Mais pour les choses qui sont hors de l’âme, nous ne pouvons les apercevoir que par le moyen des idées, supposé que ces choses ne puissent pas lui être intimement unies. Il y en a de deux sortes : de spirituelles et de matérielles. Pour les spirituelles, il y a quelque apparence qu’elles peuvent se découvrir à notre âme sans idées et par elles-mêmes : car encore que l’expérience nous apprenne que nous ne pouvons pas immédiatement et par nous-mêmes déclarer nos pensées les uns aux autres, mais seulement par des paroles ou par d’autres signes sensibles auxquels nous avons attaché nos idées ; on pourrait dire que Dieu l’a ordonné ainsi pour le temps de cette vie seulement, afin d’empêcher les désordres qui arriveraient présentement si les hommes pouvaient se faire entendre comme il Ieur plairait. Mais lorsque la justice et l’ordre régneront, et que nous serons délivrés de la captivité de notre corps, nous pourrons peut-être nous faire entendre par l’union intime de nous-mêmes, ainsi qu'il y a quelque apparence que les anges peuvent faire dans le ciel. De sorte qu’il ne semble pas absolument nécessaire d’admettre des idées pour représenter à l’âme des choses spirituelles, parce qu’il se peut faire qu’on les voie par elles-mêmes, quoique d’une manière fort imparfaite.

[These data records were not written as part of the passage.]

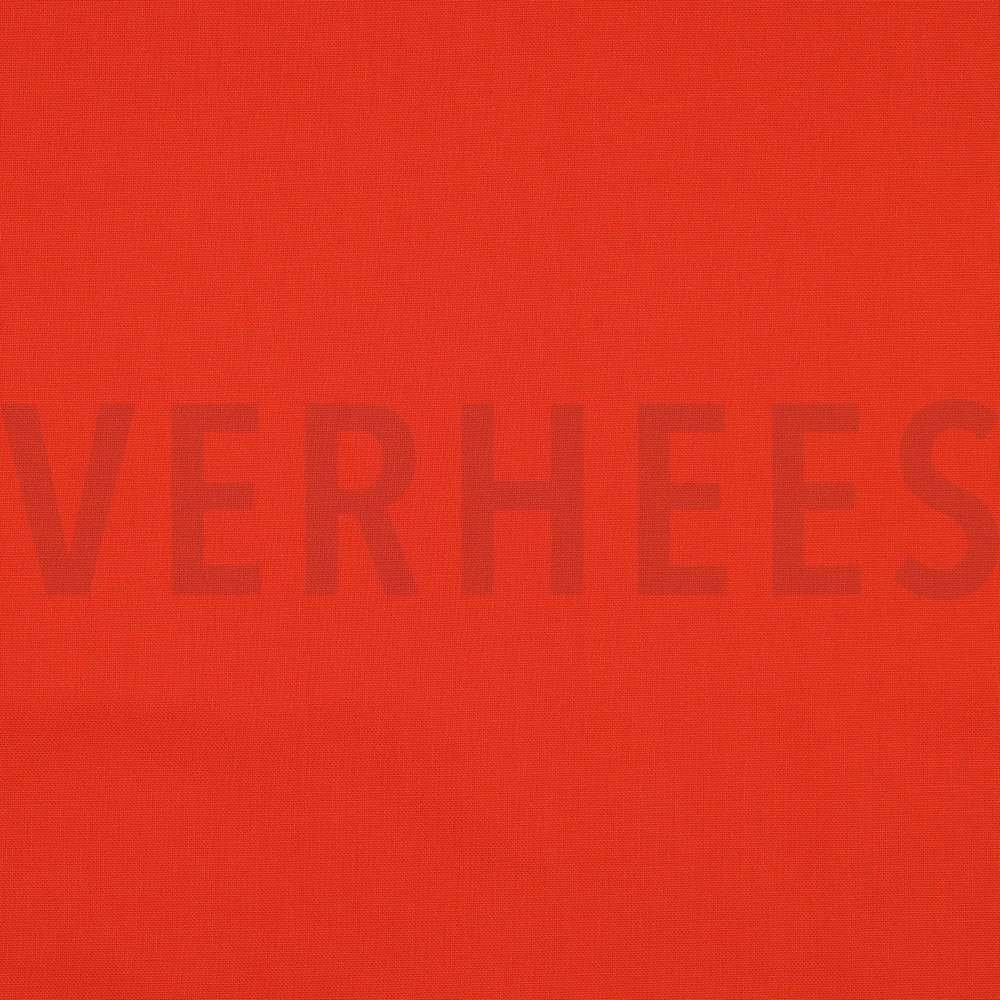 CANVAS WASSERDICHT ORANGE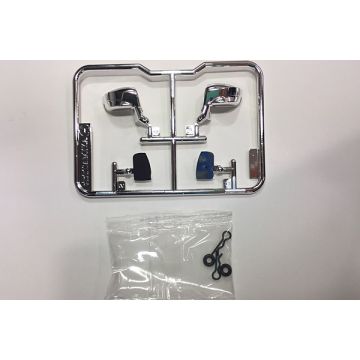 Tamiya Touring Car Plated Side Mirror (THC54732)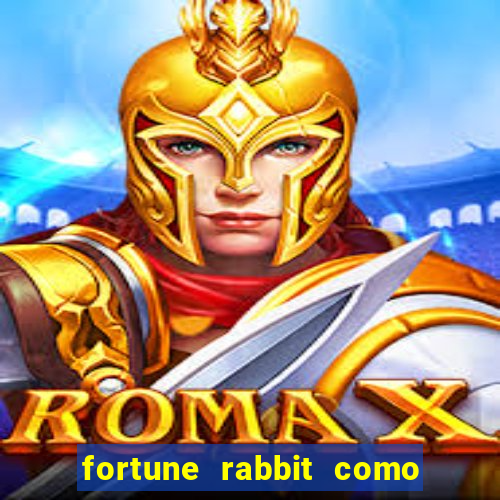 fortune rabbit como jogar Informational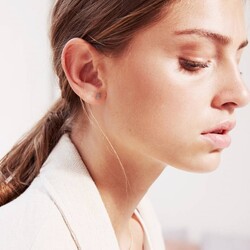 Riverstones The Jordaan Studs Zilver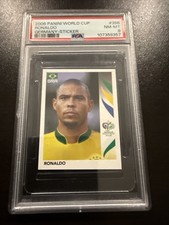 FIFA World Cup Soccer Italy 2006 Season Sports Trading Cards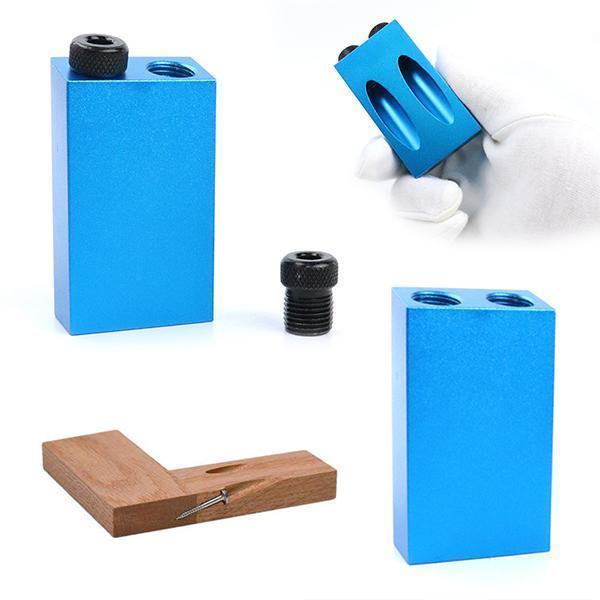 SHARPFEEL™ Pocket Hole Jig Kit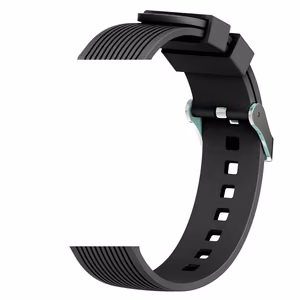 Devia ремешок Deluxe Sport Samsung Galaxy Watch 42 mm / Watch 3 41mm / Watch 4 40 and 44 mm / Watch 5 40 and 44 mm / Watch 6 40 and 44 mm (20mm) черный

Je n’examine pas ici comment deux esprits peuvent s’unir l’un à l’autre, et s’ils peuvent de cette manière se découvrir mutuellement leurs pensées. Je crois cependant qu’il n’y a point de substance purement intelligible que celle de Dieu ; qu’on ne peut rien découvrir avec évidence que dans sa lumière, et que l’union des esprits ne peut les rendre mutuellement visibles. Car, quoique nous soyons tr¿s-unis avec nous-mêmes, nous sommes et nous serons inintelligibles à nous mêmes, jusqu’à ce que nous voyions en Dieu et qu’il nous présente à nous-mêmes l’idée parfaitement intelligible qu’il a de notre être renferme dans le sien. Ainsi, quoiqu’il semble que j’accorde ici que les anges puissent par eux-mêmes manifester les uns aux autres et ce qu’ils sont et ce qu’ils pensent, ce que dans le fond je ne crois pas véritable, j’avertis que ce n’est que parce que je n’en veuœ pas disputer, pourvu que l’on m'abandonne ce qui est incontestable, savoir, qu’on ne peut voir les choses matérielles par elles-mêmes et sans idées[1].

  1. Cet article est en italiques, parce qu’on le peut passer et qu’il est difficile de l’entendre si l’on ne sait ce que je pense de l’âme et de la nature des idées.